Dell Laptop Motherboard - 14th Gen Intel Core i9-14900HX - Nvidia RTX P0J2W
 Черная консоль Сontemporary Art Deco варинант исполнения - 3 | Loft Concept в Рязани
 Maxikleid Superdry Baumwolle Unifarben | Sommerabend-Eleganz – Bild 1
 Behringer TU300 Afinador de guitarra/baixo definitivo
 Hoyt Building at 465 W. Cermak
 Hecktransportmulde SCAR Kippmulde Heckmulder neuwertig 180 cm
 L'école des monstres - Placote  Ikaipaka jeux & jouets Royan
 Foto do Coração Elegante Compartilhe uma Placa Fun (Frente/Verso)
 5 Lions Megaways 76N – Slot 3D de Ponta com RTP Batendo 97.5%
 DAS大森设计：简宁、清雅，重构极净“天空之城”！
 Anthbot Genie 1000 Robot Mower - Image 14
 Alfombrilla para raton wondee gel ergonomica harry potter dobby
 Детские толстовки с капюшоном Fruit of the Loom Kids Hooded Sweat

□ □ □ □ □

▶ _Task to carry out_
Restate the listing exactly, starting at its first line and ending at the line where "L'école des monstres" occurs; include both and no other lines.

▶ _Task response_
Dell Laptop Motherboard - 14th Gen Intel Core i9-14900HX - Nvidia RTX P0J2W
 Черная консоль Сontemporary Art Deco варинант исполнения - 3 | Loft Concept в Рязани
 Maxikleid Superdry Baumwolle Unifarben | Sommerabend-Eleganz – Bild 1
 Behringer TU300 Afinador de guitarra/baixo definitivo
 Hoyt Building at 465 W. Cermak
 Hecktransportmulde SCAR Kippmulde Heckmulder neuwertig 180 cm
 L'école des monstres - Placote  Ikaipaka jeux & jouets Royan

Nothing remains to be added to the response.